Entries taken from a collection
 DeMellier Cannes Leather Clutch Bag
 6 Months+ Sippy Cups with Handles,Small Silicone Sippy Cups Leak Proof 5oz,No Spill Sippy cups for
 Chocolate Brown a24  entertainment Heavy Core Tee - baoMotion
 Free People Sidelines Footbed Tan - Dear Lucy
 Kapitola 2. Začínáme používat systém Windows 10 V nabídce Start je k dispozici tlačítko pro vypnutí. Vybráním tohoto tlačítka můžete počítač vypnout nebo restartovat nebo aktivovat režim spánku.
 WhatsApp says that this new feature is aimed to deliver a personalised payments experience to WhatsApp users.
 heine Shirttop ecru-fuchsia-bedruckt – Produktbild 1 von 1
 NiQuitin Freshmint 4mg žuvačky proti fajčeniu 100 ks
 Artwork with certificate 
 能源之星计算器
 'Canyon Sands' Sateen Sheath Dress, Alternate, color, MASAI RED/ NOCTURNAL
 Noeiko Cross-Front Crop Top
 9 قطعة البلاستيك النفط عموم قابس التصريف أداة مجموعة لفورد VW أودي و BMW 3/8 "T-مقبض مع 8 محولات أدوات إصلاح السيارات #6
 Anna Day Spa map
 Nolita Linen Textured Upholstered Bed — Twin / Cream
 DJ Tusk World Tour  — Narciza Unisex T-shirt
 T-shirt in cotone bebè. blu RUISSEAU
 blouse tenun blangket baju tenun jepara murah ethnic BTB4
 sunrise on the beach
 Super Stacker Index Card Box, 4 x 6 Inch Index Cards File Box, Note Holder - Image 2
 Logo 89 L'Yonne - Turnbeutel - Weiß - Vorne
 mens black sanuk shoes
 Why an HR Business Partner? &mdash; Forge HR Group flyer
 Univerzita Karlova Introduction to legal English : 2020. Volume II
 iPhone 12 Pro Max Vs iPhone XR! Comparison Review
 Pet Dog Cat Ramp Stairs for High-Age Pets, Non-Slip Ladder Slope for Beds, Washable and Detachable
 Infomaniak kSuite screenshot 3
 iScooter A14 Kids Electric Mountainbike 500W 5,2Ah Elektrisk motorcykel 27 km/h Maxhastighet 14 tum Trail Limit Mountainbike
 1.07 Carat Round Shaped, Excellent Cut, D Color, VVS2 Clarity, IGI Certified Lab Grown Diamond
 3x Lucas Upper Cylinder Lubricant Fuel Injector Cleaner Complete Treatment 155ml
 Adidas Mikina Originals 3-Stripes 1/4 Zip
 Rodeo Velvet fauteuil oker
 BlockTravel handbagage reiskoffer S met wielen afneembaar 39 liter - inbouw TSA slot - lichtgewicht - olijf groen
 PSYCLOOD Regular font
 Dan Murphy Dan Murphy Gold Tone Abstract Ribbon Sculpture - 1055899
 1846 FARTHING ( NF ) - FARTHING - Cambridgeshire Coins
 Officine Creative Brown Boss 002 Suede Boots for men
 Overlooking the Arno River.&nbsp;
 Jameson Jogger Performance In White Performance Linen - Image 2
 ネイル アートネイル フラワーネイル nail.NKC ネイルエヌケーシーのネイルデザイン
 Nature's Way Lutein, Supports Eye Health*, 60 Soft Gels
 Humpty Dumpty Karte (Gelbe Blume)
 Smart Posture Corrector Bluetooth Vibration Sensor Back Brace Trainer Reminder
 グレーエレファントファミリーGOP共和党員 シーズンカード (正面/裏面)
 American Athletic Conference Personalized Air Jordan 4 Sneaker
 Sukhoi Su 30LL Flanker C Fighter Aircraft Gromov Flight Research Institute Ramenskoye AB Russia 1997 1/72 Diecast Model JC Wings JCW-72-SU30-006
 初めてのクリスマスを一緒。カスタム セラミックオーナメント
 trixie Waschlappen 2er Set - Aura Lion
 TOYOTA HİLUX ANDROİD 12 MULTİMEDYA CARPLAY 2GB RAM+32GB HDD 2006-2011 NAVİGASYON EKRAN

▶ **Your objective**: Print exactly, and only, the lines from the line containing "グレーエレファントファミリーGOP共和党員 シーズンカード (正面/裏面)" through the final line of the records, both included.

▶ **Solved exercise**:
 グレーエレファントファミリーGOP共和党員 シーズンカード (正面/裏面)
 American Athletic Conference Personalized Air Jordan 4 Sneaker
 Sukhoi Su 30LL Flanker C Fighter Aircraft Gromov Flight Research Institute Ramenskoye AB Russia 1997 1/72 Diecast Model JC Wings JCW-72-SU30-006
 初めてのクリスマスを一緒。カスタム セラミックオーナメント
 trixie Waschlappen 2er Set - Aura Lion
 TOYOTA HİLUX ANDROİD 12 MULTİMEDYA CARPLAY 2GB RAM+32GB HDD 2006-2011 NAVİGASYON EKRAN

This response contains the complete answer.